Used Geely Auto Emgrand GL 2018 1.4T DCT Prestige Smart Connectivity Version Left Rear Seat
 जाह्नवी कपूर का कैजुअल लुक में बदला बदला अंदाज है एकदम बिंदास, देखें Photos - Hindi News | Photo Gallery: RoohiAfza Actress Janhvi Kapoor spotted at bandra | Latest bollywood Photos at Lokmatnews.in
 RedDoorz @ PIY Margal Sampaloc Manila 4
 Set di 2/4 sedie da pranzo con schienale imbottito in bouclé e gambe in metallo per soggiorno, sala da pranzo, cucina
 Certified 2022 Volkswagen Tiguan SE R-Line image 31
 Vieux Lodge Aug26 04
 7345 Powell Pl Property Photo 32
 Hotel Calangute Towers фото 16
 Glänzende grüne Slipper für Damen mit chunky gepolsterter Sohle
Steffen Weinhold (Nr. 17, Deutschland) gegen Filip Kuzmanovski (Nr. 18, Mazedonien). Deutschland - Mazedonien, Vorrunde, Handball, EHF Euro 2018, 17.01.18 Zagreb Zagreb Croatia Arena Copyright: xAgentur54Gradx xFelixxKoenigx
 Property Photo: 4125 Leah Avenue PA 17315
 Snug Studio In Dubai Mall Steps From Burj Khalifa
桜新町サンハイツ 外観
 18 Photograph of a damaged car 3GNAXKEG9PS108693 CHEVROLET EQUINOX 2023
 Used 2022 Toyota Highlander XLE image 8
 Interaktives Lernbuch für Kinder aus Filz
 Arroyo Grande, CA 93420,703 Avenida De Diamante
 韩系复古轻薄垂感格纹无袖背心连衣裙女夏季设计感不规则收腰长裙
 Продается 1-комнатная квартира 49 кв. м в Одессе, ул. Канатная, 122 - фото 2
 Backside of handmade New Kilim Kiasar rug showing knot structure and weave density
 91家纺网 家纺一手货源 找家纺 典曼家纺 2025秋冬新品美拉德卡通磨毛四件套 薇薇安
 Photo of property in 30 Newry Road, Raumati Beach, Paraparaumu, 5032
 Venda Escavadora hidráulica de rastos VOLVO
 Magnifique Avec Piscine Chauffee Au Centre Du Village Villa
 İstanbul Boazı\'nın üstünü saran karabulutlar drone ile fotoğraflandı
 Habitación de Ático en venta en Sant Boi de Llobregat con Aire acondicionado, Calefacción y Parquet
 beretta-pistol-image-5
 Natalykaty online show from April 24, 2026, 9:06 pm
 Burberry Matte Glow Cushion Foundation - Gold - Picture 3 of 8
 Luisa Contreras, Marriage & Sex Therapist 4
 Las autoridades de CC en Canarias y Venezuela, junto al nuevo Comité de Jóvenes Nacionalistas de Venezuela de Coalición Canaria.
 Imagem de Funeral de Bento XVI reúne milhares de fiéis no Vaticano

--*--

_INSTRUCTIONS TO FOLLOW:_
Every line containing the string "фото" is required; copy each such line from the data.

_ANSWER FOR THIS EXERCISE:_
 Hotel Calangute Towers фото 16
 Продается 1-комнатная квартира 49 кв. м в Одессе, ул. Канатная, 122 - фото 2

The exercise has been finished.